Establishing and growing User Research as a discipline and team within a digital product company has so far been the most challenging and exciting task in my professional life. During the last five and a half years I observed different phases as the team grew. In this article I want to share with you what I learned in each of these phases.

Year 1 — Explanation and Experimentation

I joined OneFootball in June 2016, a few weeks before the EURO in France. The company counted 60 people and I joined the design team as the first full-time UX researcher. At the time, the mobile app had a solid base of 3 million monthly active users and was built by well established design, product and engineering teams, all sitting on the same floor in our Berlin office.

Onefootball iOS app design in 2016

UX research was added as an additional step within the design and product definition process. I was working hard to get involved, leading to a key question from stakeholders in product management:

Why slow down the development process with UX research when so far we were quite successful with our ideas and solutions?

And this question is absolutely reasonable. You can build very successful products without UX research, and many companies like Basecamp do. If your company culture has established around top-down guidance and strong individual gut feel confidence, you might wonder why a UX researcher is adding value to your team. Ultimately, I was yet another person who had an opinion and who took his time to test features before we went live.

I learned three things in this initial and critical phase:

  • As the first UX researcher in a product team, prove your value by testing the existing experience. Without slowing down the development of new features, show what needs to be improved within the existing product.

  • Foster conversations about the product experience by showing your work publicly in your company. The more colleagues observe real people interacting with their product, the quicker they will understand why UX research is important.

  • Don’t try to force yourself into every single decision. Focus on the relationships with people who want to work with you and ask you for advice, let the others do their thing. They will come to you sooner or later.

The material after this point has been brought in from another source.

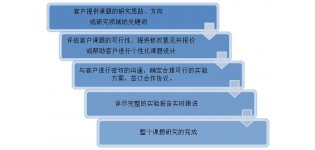 实验外包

While slowly and carefully involving myself in the exploration phase for new features, I went through all aspects of the existing app, from the onboarding to content consumption — and discovered a list of issues and potential improvements. I live-streamed all user interviews for all employees to watch, and let them submit questions I would directly ask the participants. I made everyone feel part of the testing, virtually sitting with me in the room. A lot of colleagues watched the interviews, even those who did not actively work on the product. All of a sudden, everyone was excited to think about how we can improve the product experience, after witnessing how real people struggle. It was exciting and it put the focus back on product management to better test their features before going live. I did not have much convincing to do — the users did it for me.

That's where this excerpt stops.